Pope Francis Friday reportedly accepted the resignation of Washington D.C. archbishop Cardinal Donald Wuerl after a recent Pennsylvania grand jury report charged him with covering up years of sexual abuse by priests, according to the New York Times.
But Pope Francis said that Wuerl, a cardinal in the Roman Catholic Church, would stay on as the archdiocese caretaker until a replacement is made, calling him a model for future unity in the church, the Times reported.
Wuerl told the newspaper that he would still live in the Washington D.C. area and expected to keep his Vatican position that continues to give him influence and be an adviser to the pope on the appointment of bishops.
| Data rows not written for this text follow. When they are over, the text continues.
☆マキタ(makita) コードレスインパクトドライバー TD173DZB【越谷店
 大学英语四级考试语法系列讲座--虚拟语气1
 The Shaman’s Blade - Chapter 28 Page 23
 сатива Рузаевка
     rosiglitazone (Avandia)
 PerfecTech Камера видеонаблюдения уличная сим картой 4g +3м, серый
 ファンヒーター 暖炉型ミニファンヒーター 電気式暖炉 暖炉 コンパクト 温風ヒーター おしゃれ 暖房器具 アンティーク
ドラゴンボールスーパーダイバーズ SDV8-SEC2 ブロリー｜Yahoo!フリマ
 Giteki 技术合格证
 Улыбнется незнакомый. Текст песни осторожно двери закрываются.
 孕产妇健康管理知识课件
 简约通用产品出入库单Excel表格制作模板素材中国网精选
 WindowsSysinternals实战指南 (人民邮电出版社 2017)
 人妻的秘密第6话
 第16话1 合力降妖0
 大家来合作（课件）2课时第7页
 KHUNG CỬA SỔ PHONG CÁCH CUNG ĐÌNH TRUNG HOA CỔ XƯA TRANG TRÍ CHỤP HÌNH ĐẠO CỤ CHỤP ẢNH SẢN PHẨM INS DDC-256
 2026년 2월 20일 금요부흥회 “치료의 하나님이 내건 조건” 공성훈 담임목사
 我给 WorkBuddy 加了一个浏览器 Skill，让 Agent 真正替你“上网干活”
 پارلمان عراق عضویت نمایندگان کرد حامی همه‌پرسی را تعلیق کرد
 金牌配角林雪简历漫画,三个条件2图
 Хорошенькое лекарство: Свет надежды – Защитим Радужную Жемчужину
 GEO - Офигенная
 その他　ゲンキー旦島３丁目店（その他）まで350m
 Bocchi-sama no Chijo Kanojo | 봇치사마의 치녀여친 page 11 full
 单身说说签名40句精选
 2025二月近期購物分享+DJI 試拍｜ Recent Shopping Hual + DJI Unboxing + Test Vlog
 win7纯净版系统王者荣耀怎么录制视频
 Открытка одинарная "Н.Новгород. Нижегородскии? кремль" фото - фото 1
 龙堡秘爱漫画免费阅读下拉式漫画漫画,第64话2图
The grand jury report, which made national headlines, mentioned Wuerl's name more than 200 times, noting his "poor" handling of accusations against accused priests when he was the bishop of Pittsburgh, the Times reported.
The report said, according to the newspaper, that Wuerl had relied on the advice of psychologists to allow suspected priests to remain serving church.
In a letter from Pope Francis to Wuerl, the pope said the archbishop presented evidence to justify his actions. The letter, which was released by Wuerl, went on praise him for his work, the newspaper reported.
"However, your nobility has led you not to choose this way of defense. Of this, I am proud and thank you," Pope Francis wrote to Wuerl, the newspaper stated.
The explosive nearly 900-page grand jury report tied more than 300 priests and clergy leaders with crimes that affected more than 1,000 children over seven decades in six dioceses – Pittsburgh, Erie, Greensburg, Harris, Allentown, and Scranton, according to Philly.com.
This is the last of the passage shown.